His gaze went to the side window of the truck, the glass steamed over at the corners. The contours of the rough land resembled rigidly flexed muscles, bulging biceps covered with hairy grass. To his eye, it looked worthless, too damned arid and barren. It required a hundred acres to support one cow with a calf. It seemed so unproductive, such a waste of so much land.
“It’s a crime,” he murmured aloud.
“What?” Jessy didn’t quite catch what he said.
Leo roused himself. “I was just looking out the window and thinking of such a valuable resource sitting idle.”
“You mean the grass?” The parched and freeze-dried grass was all she could see, definitely a resource in her experience.
“I’m talking about all the coal that’s underneath it, so close to the surface.” A huge deposit of low-sulfur coal underlay this whole region of eastern Montana. “All a man would need to do is scrape away that worthless soil and there it would be.”

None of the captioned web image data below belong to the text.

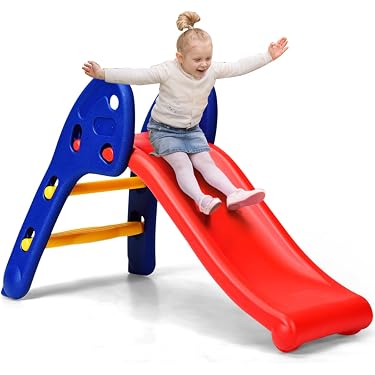 TOBOGGAN ENFANT PLASTIQUE GM HAF028 FERDI - Disponible Maintenant chez Market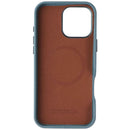 OtterBox Symmetry Cactus Leather Case for MagSafe iPhone 16 Pro Max - Sagebrush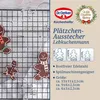 Dr. Oetker Plätzchen-Ausstecher Set Lebkuchenmann , Produktbild-Vorschau 1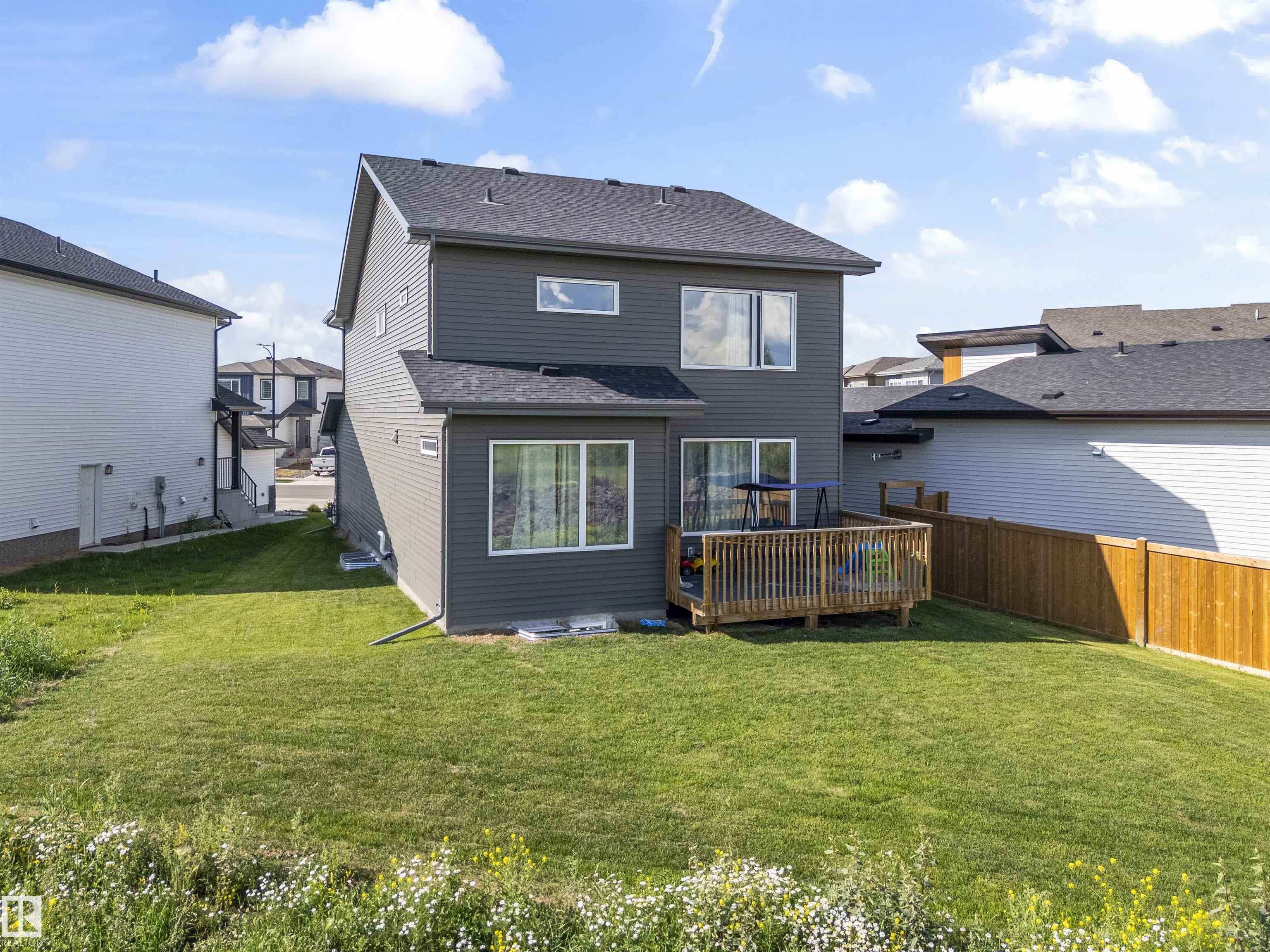 Photo 5 at 6205 46 Avenue, Ruisseau, Beaumont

“You don’t even have to scrape the ground away.” Jessy smiled as if knowing a secret and let up on the accelerator, looking around to get her bearings on how far they’d come. “Do you want me to show you?”
“Do you mean there’s a place where the vein of coal has been exposed?” he asked with growing interest, and she gave him an affirmative nod. “Yes, I’d like to see it—if it won’t take us too much out of our way.”
“It won’t,” she assured him and turned the truck onto a trail that was little more than two rutted tracks running through the grass. “But you’ll have to hold on. It’ll be a bumpy ride.”
The warning was an understatement. Leo Grayson ended up with one hand braced overhead and one jammed against the dashboard as the pickup bounced over the rough trail. Jessy gripped the steering wheel with both hands to keep it from being jerked out of her grasp. Conversation was impossible on the teeth-jolting ride. The trail crested a rise and fell steeply into a hollow. Jessy braked the truck to a stop at the bottom where it leveled out.
“There it is.” She gestured with her hand to a cutbank.
Except for a thin layer of sod matted with dead grass atop it, the exposed section was solidly black. There were plenty of indications that its enlargement was man-made.
“Most of the older homes on the ranch are heated with coal furnaces,” Jessy explained. “There’s a couple-three areas like this scattered around. We just come and get our own fuel. It doesn’t cost anything but the labor.”
Giving in to his professional curiosity, Leo braved the cold temperature and climbed out of the pickup to take a closer look. It was one thing to know the coal was under the ground and another to see the large exposed seam. He wrapped the scarf more tightly around his head and neck and walked forward to investigate the high black bank.
Jessy watched him from the warmth of the truck’s cab, faintly amused by his fascination over something so common. Getting the winter supply of coal was not a chore anyone on the ranch fancied. It was dusty, dirty, hard work, and constantly having to stoke the furnace was another inconvenience. Which was why most of the homes had converted to more modern sources, usually oil or propane. Coal wasn’t practical anymore, even if it was cheap.